I have followed this debate closely and it is important to say from the outset that simplification of the state pension system is an entirely laudable aim and that I think there is a great deal of consensus throughout the House on the move towards a more inclusive pension system.
It is also important to appreciate, however, that our starting point is one of the lowest levels of state pension provision anywhere in Europe. We have relatively high levels of pensioner poverty and pensions have consistently fallen behind and failed to keep pace with earnings over a number of decades. We also still have deep and persistent inequality not just between women and men, as has been mentioned, but between those who have occupational pensions and those who have not. Far too many people who worked very hard throughout their working lives still end up living on the breadline in later life. Meanwhile, the challenges of an ageing population and increasing life expectancy drive the need for reform.

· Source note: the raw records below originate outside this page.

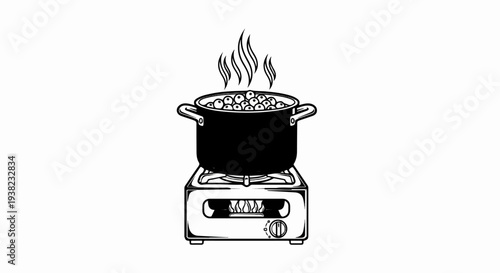 Black and white illustration of a pot of food boiling on a portable stove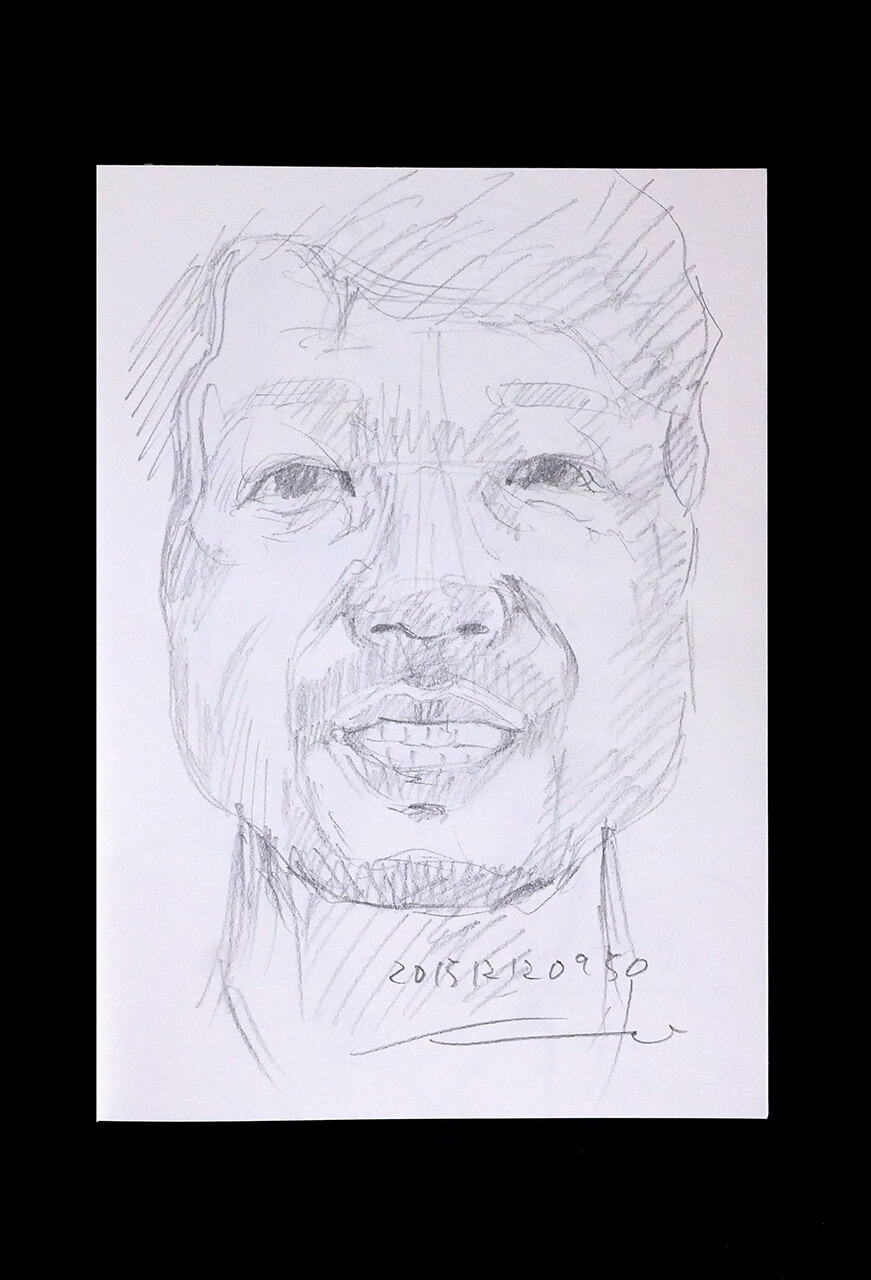 Contemporary artist SHINTAKU Tomoni's 2015/12/12 Self-portrait or pencil drawing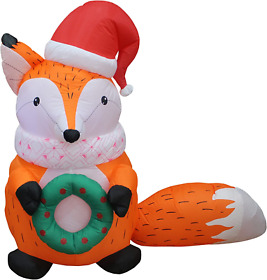 5 Foot Tall Lighted Christmas Inflatable Fox With Hat And Wreath Led L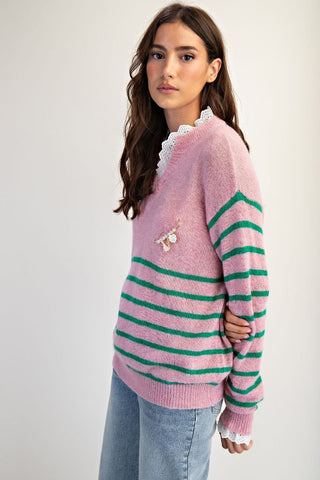 Stripe Pattern Sweater - Cotton Pink
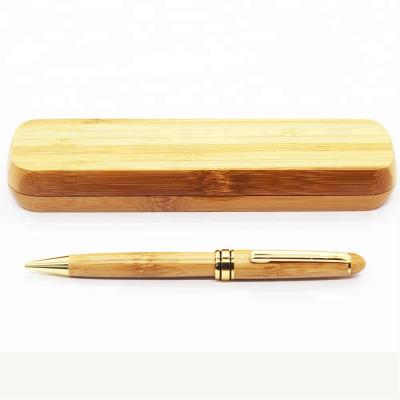 China Customized luxury high quality logo pen promotional pen manufacture bamboo ball pen with bamboo box for sale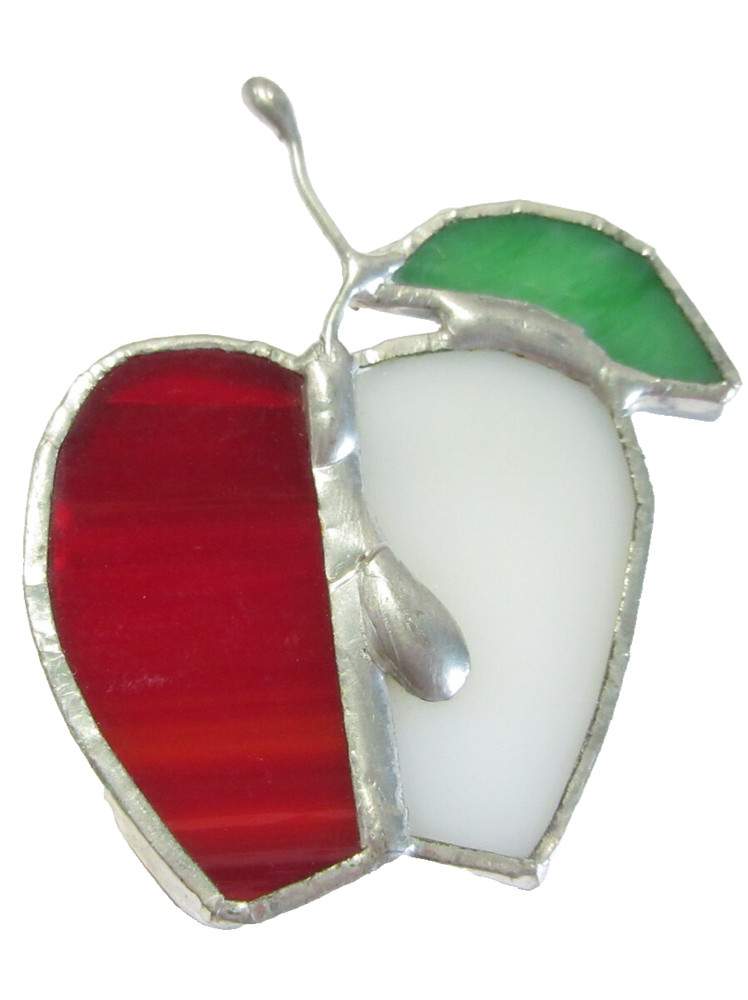 RED WHITE AND GREEN STAINED GLASS APPLE DETAILED PIN HANDCRAFTED VINTAGE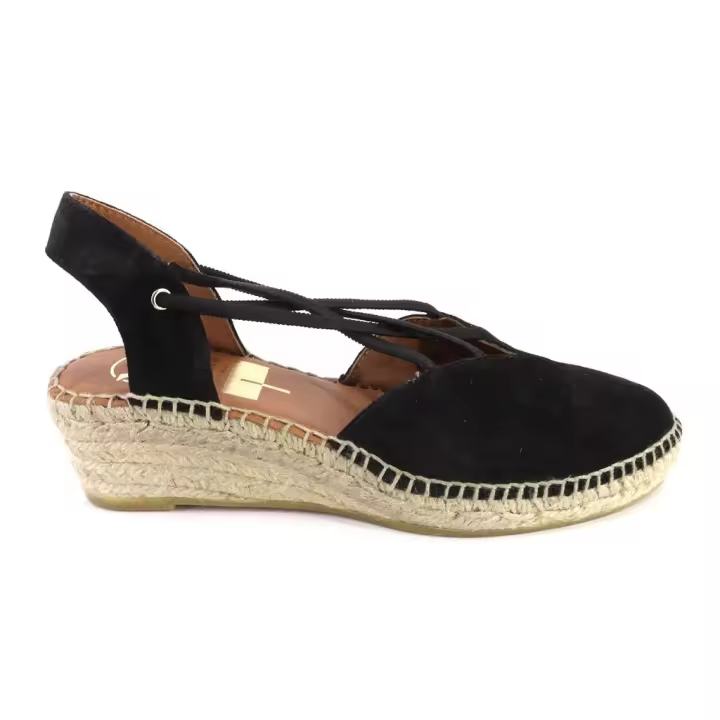 VIGUERA 2007VITELO Alpargatas de cuña cañamo esparto yute mujer negro ANTE SERRAJE 525 - 1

I have talked in the House a number of times about the dramatic social and geographic disparities in life expectancy and healthy life expectancy, and I do not plan to rehearse those arguments again this evening. The bottom line, of course, is that we need pensions that are affordable and sustainable and fair to pensioners. Our pension system also has to provide us with long-term stability and security. When people look decades ahead, they need to know what they are likely to get back and that the sands will not shift every time we play musical chairs in the House of Commons.

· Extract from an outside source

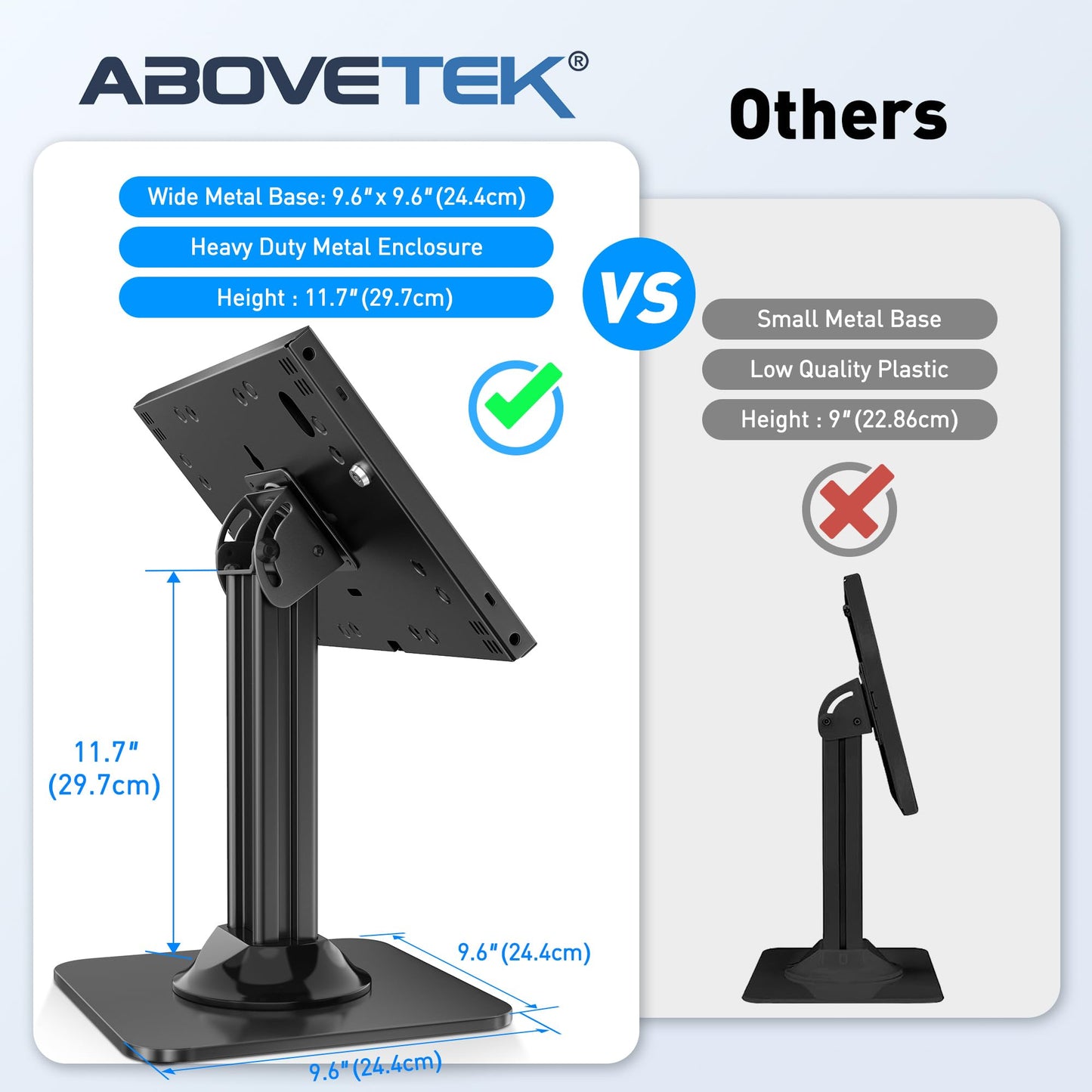 AboveTEK Anti-Theft iPad Kiosk Stand – POS iPad Security Stand & Locking Tablet Stand – Heavy Duty Base, 360° Swivel, 75° Tilt Bracket – Perfect for Retail Business (Black)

In his opening remarks the Secretary of State made much of his so-called triple lock, but those of us who saw the Financial Times this morning could be forgiven for thinking that the pensions Minister has let the cat out of the bag by acknowledging that the triple lock is a short-term fix and that there is no certainty that it will continue beyond the life of this Parliament or that the value of the single-tier pension will keep pace in the longer term, given that all the modelling that has been done is predicated on the triple-lock guarantee.

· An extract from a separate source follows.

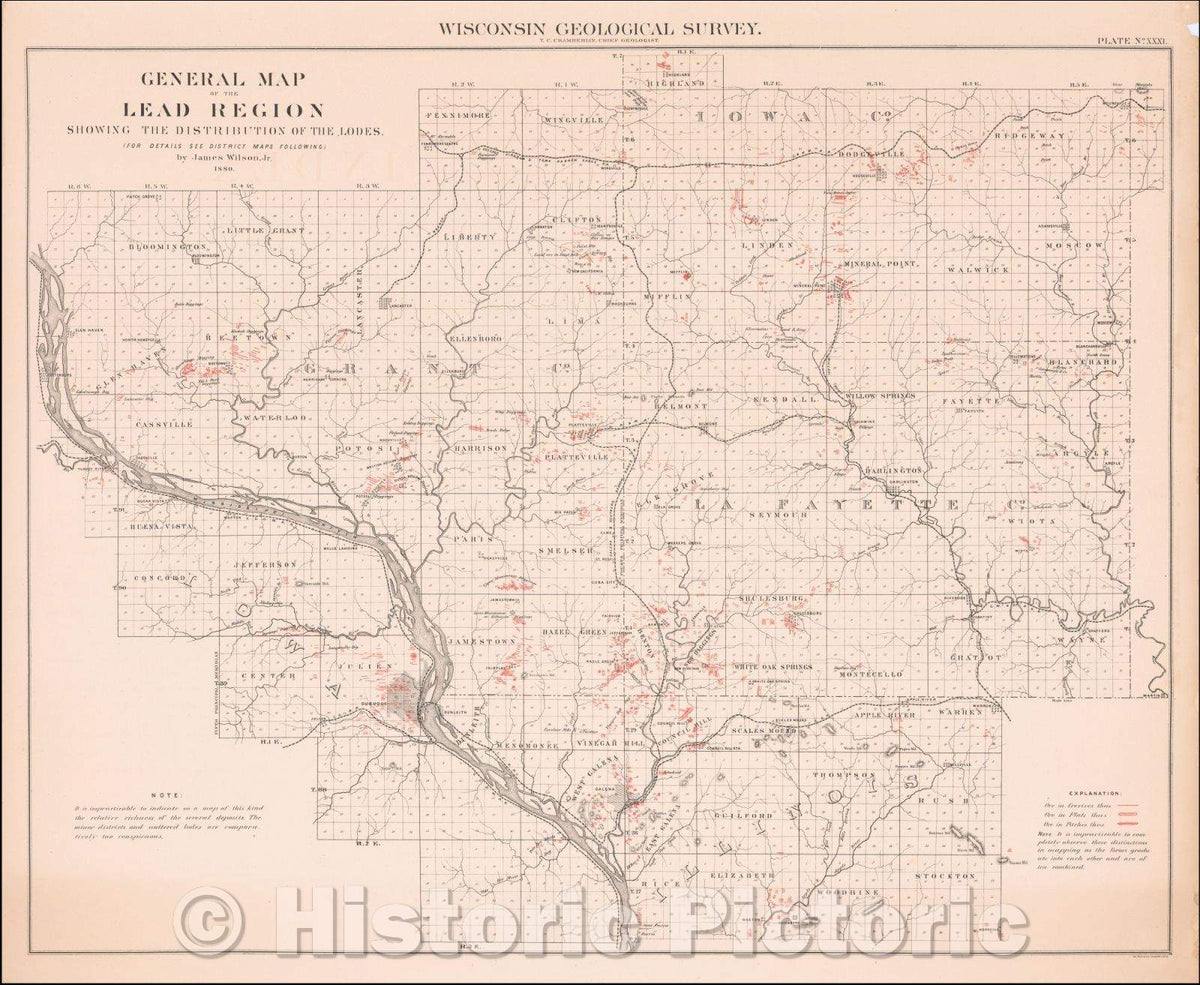 Historic Map - General Map of the Lead Region Showing the Distribution of the Lodes, 1880, - Vintage Wall Art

Although today’s debate has focused heavily on those people who will gain in the short term—some certainly will gain in the short term, particularly, as has been said, the self-employed and those receiving a pension for the first time—there will be losers as well as winners in the transition. It is extremely difficult to work out which are which, because the side of the line on which an individual will fall depends on a wide range of factors, including how long they live after retirement, which few are able to predict.
We have heard a lot less this afternoon about the longer-term impact of the scheme, yet most commentators agree that it is less generous than that which it replaces and that many people, including most of those born since 1970, will lose out. The most positive claim that has been maid for the single-tier pension is that it is undoubtedly less complex than the scheme it replaces, but if the new scheme has the virtue of simplicity, the transition process certainly does not.
Last week, the Association of Consulting Actuaries, the National Association of Pension Funds and the Association of Pension Lawyers briefed the all-party group on pensions at a meeting chaired by the hon. Member for Gloucester (Richard Graham). One of their chief concerns was the complexity of the transition process and, in particular, the extremely tight time scales within which the Government are seeking to enact the Bill and its attendant regulations. Establishing the foundational amount for everyone with a national insurance contribution record who has not retired by 6 April 2016 will be a huge and challenging project in itself, and there are real concerns about how the end of contracting out will be managed within the proposed time scale.